Klar: Es geht um das Ich. Aber wer ist das, das Ich? Muriel - 16, blond, attraktiv und sportlich-dynamisch, aber wie fast alle Mädchen ihres Alters voller Selbstzweifel und Sehnsucht nach Sinn, Sex und einem aufregenden Lebensentwurf - kommt am Ende ihrer einstündigen Suche nach diesem Ich zu dem Schluss: "Ich bin Facebook, ich bin Twitter, ich bin U-Bahn, ich bin Deutschland, ich bin Muschi, ich bin Hunger. Ich bin Durst. Und Zweifel. Ich bin Prüfung, ich bin Abi, ich bin Shoppen, ich bin Dickmanns, ich bin Kleidung, ich bin Warten. Ich bin hier. Ich bin ich. Und der ganze Zweifel, der geht jetzt einmal um den Block."

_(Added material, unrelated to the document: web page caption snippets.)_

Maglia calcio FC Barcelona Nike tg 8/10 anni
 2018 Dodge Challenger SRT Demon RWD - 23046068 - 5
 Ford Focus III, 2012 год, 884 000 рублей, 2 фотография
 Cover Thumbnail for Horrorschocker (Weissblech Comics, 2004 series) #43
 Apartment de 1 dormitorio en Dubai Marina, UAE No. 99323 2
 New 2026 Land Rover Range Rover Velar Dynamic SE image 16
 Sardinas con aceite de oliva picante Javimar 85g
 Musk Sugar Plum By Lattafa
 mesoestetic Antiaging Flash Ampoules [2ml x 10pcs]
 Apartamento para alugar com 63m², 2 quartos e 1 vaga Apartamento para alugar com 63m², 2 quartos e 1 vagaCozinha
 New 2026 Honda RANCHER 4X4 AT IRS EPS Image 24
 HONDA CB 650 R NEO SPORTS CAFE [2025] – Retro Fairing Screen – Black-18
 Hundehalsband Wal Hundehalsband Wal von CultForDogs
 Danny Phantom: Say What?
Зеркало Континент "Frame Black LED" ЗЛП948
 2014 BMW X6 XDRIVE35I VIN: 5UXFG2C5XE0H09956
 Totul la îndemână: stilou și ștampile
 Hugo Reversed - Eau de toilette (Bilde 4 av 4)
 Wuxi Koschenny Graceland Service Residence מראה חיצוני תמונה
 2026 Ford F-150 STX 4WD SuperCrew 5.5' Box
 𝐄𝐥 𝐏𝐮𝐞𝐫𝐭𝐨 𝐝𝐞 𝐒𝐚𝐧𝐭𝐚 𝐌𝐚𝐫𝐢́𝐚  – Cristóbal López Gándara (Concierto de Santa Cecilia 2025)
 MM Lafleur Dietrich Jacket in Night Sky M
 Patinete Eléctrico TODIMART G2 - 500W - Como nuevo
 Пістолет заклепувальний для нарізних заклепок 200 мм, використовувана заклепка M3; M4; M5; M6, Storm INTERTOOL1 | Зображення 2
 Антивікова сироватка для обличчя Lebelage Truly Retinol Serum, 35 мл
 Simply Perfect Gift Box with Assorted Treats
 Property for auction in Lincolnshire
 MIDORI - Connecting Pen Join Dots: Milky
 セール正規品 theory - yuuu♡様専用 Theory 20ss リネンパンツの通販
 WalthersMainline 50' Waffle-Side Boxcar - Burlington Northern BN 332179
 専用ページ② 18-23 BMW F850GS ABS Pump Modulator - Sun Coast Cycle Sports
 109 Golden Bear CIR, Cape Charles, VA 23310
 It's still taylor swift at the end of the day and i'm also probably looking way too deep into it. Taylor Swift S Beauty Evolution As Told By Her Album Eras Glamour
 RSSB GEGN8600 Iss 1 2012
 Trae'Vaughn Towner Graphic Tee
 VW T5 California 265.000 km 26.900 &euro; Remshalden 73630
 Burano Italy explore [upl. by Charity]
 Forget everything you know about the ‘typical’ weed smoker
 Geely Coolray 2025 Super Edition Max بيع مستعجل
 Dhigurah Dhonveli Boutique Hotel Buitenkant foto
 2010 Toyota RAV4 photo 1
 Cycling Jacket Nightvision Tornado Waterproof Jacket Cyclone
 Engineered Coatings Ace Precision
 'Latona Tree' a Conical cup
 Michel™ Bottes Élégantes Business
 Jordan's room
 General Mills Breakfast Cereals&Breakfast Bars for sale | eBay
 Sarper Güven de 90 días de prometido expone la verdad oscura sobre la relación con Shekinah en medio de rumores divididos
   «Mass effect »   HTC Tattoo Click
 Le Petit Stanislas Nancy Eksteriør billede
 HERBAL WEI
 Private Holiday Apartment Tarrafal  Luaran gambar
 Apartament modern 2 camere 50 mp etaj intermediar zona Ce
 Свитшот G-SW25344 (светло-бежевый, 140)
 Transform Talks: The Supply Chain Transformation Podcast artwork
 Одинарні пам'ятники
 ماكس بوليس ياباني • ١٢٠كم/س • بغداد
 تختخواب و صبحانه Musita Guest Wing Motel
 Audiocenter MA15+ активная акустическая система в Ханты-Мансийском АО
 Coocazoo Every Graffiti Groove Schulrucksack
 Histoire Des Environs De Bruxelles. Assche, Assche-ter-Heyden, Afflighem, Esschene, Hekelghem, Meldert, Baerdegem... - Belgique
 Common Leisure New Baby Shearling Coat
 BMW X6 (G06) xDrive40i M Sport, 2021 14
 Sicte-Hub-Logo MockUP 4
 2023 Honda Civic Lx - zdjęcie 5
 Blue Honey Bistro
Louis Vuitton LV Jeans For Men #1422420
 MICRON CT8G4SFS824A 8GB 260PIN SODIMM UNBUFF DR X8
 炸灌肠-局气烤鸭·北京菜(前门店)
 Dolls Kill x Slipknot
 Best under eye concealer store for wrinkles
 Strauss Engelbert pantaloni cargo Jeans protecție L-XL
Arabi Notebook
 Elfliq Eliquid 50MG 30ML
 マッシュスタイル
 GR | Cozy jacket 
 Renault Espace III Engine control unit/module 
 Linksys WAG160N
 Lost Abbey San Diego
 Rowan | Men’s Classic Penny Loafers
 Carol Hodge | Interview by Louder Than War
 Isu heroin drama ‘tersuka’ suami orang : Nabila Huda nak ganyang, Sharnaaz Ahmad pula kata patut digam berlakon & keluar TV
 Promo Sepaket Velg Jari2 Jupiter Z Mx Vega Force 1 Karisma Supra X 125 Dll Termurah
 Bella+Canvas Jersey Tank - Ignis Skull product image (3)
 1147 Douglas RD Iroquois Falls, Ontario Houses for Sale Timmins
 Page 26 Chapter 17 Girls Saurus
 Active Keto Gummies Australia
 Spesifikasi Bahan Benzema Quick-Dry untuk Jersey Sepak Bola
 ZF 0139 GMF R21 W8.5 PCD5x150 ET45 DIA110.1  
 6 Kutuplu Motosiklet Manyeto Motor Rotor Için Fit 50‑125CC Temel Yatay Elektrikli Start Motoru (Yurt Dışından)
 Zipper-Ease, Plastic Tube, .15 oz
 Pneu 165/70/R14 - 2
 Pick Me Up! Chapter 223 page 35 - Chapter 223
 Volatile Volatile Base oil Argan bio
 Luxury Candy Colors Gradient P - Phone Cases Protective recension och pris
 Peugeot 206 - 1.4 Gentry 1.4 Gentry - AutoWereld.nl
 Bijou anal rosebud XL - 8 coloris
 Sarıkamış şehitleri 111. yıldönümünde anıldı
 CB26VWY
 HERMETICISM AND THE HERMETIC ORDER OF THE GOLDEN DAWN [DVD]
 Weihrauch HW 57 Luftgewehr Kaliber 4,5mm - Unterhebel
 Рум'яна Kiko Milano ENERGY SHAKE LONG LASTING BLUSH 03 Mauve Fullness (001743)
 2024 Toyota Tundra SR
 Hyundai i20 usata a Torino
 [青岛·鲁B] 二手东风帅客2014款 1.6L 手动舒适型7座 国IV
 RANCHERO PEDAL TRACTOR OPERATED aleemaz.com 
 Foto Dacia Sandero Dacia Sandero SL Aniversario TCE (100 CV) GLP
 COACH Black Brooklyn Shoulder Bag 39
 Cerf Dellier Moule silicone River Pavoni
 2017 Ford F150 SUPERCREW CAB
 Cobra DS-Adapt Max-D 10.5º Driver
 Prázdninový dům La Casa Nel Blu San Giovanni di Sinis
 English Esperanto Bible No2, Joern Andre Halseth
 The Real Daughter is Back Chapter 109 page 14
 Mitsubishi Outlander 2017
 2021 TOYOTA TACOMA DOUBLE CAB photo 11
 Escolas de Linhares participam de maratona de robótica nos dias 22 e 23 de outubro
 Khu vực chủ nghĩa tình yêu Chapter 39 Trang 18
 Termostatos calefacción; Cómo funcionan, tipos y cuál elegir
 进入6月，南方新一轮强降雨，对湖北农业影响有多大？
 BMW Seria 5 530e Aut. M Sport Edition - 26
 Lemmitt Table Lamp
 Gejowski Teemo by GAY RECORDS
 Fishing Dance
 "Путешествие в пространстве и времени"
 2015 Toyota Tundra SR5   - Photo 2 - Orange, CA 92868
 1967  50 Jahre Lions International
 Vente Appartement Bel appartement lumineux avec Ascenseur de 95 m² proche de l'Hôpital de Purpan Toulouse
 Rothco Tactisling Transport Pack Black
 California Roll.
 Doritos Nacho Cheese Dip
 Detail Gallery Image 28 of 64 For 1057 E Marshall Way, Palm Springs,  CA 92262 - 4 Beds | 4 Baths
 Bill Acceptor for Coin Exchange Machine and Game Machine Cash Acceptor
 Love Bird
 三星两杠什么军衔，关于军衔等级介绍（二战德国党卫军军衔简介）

Sie geht also gut aus, die Junge Oper "Neumond" der italienischen Komponistin Lucia Ronchetti und des Dramatikers Kristo Sagor, deren Uraufführung jetzt beim Mannheimer Mozartsommer im Studio Werkhaus über die Bühne ging. Muriel schickt ihre Zweifel an sich und dem Leben einfach weg. Das Licht geht aus. Die Oper bricht ab. Der Optimist denkt: Sie wird ihren Weg schon finden, diese Muriel.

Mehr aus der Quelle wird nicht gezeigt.